A year later, an investigator is diligently working the case as quickly and thoroughly as possible. This generated a conversation with the investigator about the delays that continue to plague OPM. We didn’t waste time on how it got this bad, or what date it will be set right. She graciously apologized, and I believed her when she said the organization was doing all they could to accelerate clearance investigations. Still, our conversation inspired (in me, not her) an afternoon of spelunking through the OPM digital domain to determine how bad it is, or was at the close of 2016, and what level of relief is realistically on the horizon.

How Bad Is the current investigation backlog?

OPM examined the timelines of the most rapid 90 percent of their security investigations each year since 2013 through 2016. Here’s a comparison of the 2013 and 2016 numbers.

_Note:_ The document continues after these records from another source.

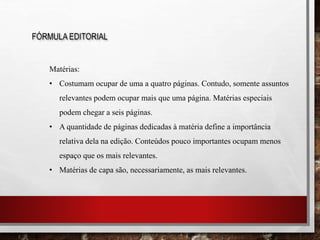 FÓRMULA EDITORIAL
Matérias:
• Costumam ocupar de uma a quatro páginas. Contudo, somente assuntos
relevantes podem ocupar mais que uma página. Matérias especiais
podem chegar a seis páginas.
• A quantidade de páginas dedicadas à matéria define a importância
relativa dela na edição. Conteúdos pouco importantes ocupam menos
espaço que os mais relevantes.
• Matérias de capa são, necessariamente, as mais relevantes.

An OPM Inspector General report released in October 2016 attributed the delays to the 2014 termination of the contract previously responsible for conducting the investigations, as well as funding shortfalls that affected the former Federal Investigative Services’ ability to add more staff to the federal and fieldwork contract force. The end of the Federal Investigative Services and activation of the National Background Investigations Bureau, which officially happened in October 2016, holds promise, if not sky-high expectations to shake loose the backlog.

bad credit and  the clearance backlog

It’s a bit like credit card debt. With additional applications being filed daily, it’s difficult to see how NBIB will reach the end of the tunnel. Though the application rate may slow somewhat due to the President’s hiring freeze, the freeze will expire in less than 60 days. Charlie Phalen, the NBIB Director, has articulated his goal of investigations being completed within 40 days for a Secret clearance and 80 for a Top Secret – quite ambitious coming out of the 2016’s timelines. The longer it takes OPM to dig out of the backlog, the further out of reach Phalen’s goal seems. The Inspector General report also noted that the former FIS underestimated the workload projections by 22%. Even if these workload projections had been accurate, the investigative service still would not have been able to close the large gaps between what was projected and the delays that were seen in 2016.

The Good News

The debt will be paid more quickly this year. In addition to the 400 employees OPM hired in FY 2016, OPM plans to hire an additional 200 investigators. OPM also has additional contracts underway for additional background investigation functions. NBIB has also aligned its IT infrastructure with the Defense Information Systems Agency, which will automate some of the more basic adjudication functions in clearance reviews. NBIB Director Phalen has also emphasized that while resolving the backlog is a priority, shortening investigation timelines in the overall process is his agency’s focus. While his priorities might seem inverse to the significance of the problems, it has merit. The sooner his team can crack the code on shortened timelines, the sooner it can be applied to the backlog.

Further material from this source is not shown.